▶ **YOUR ASSIGNMENT**:
Transcribe the listing below exactly, leaving out each image.

▶ **THE DATA**:
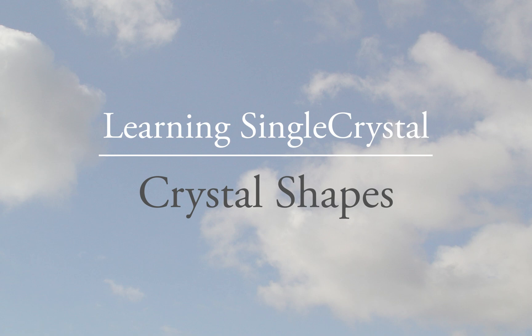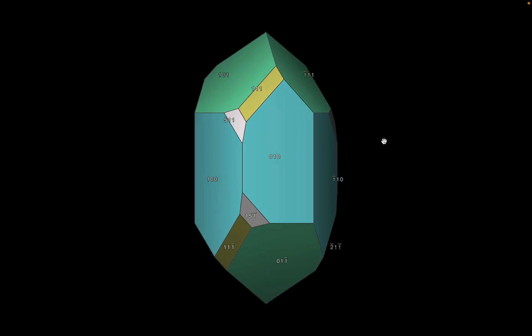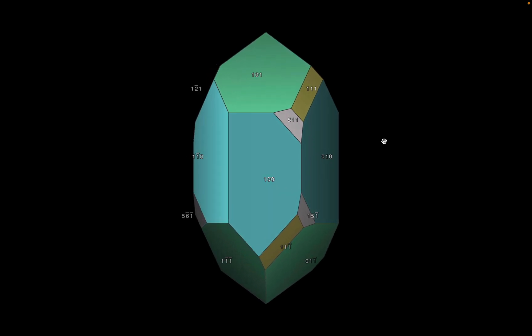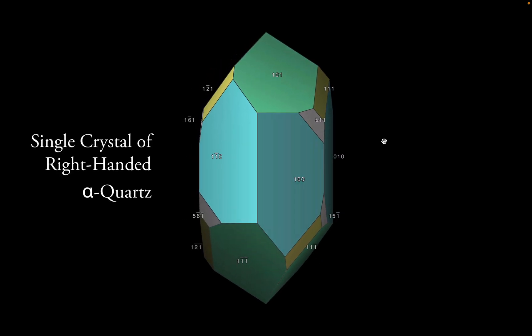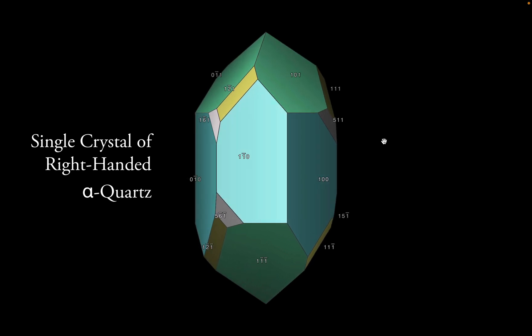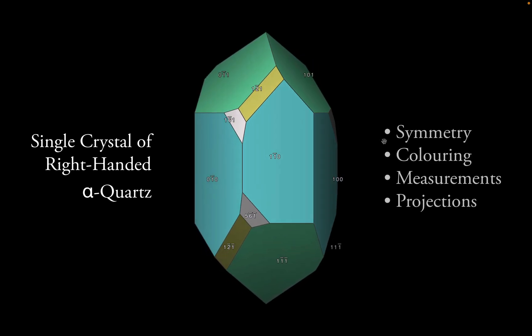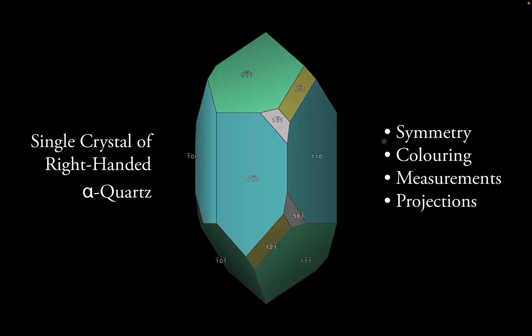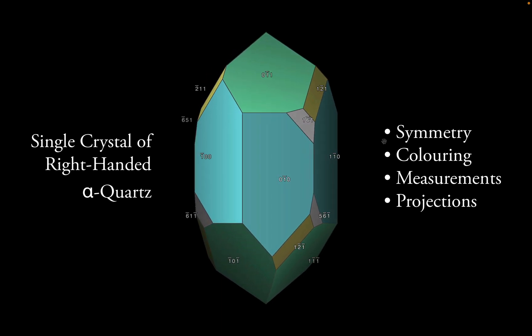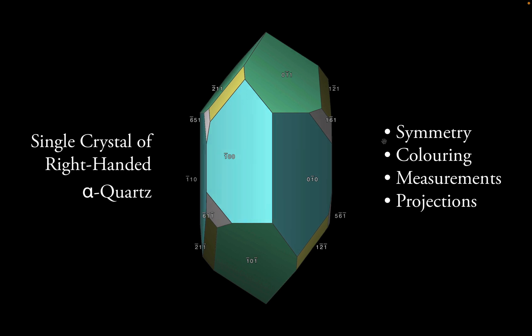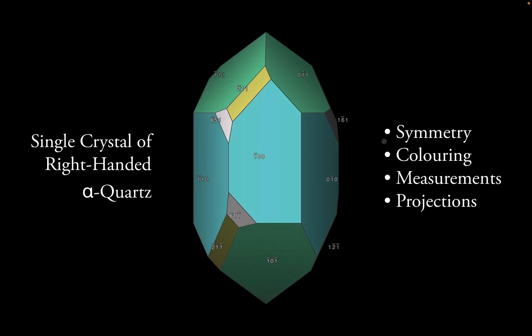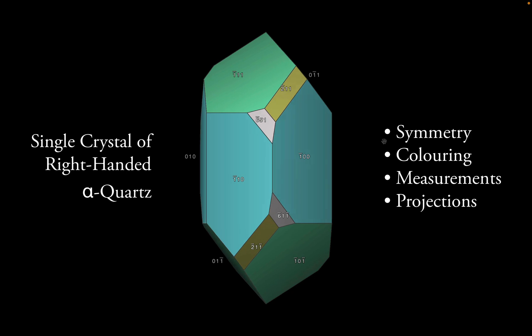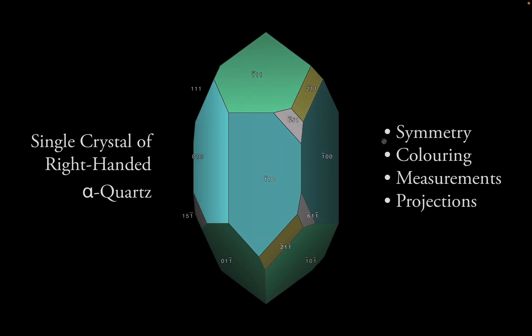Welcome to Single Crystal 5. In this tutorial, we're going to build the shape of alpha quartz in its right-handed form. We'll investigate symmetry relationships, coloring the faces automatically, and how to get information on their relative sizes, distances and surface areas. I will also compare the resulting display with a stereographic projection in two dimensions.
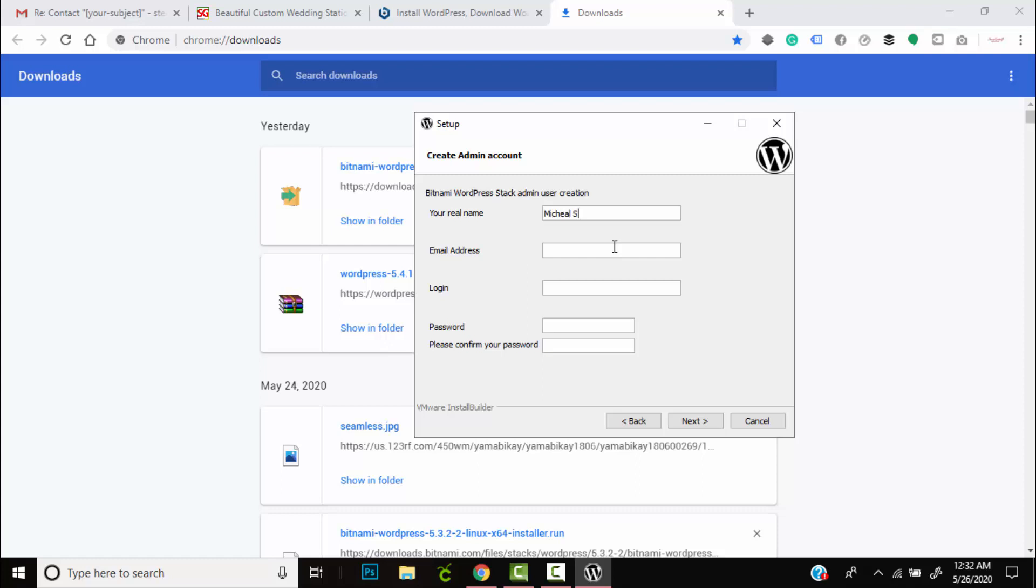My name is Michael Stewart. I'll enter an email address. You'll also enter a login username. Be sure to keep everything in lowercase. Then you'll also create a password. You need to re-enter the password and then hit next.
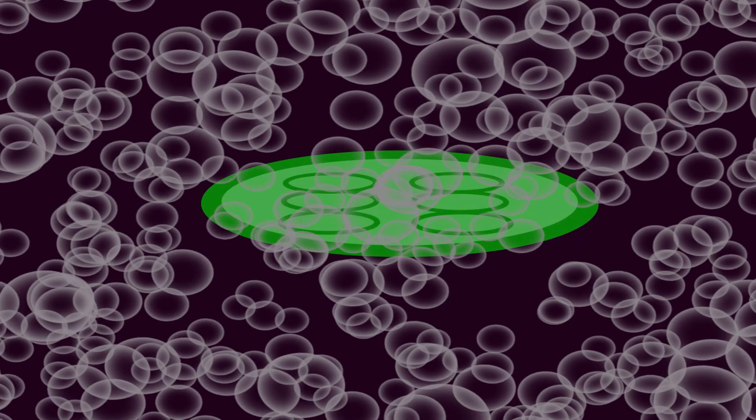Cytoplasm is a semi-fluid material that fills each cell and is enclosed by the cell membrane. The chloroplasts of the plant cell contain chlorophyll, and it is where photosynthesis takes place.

▶ **TASK OUTPUT**:
Welcome to Single Crystal 5. In this tutorial, we're going to build the shape of alpha quartz in its right-handed form. We'll investigate symmetry relationships, coloring the faces automatically, and how to get information on their relative sizes, distances and surface areas. I will also compare the resulting display with a stereographic projection in two dimensions.
My name is Michael Stewart. I'll enter an email address. You'll also enter a login username. Be sure to keep everything in lowercase. Then you'll also create a password. You need to re-enter the password and then hit next.
Cytoplasm is a semi-fluid material that fills each cell and is enclosed by the cell membrane. The chloroplasts of the plant cell contain chlorophyll, and it is where photosynthesis takes place.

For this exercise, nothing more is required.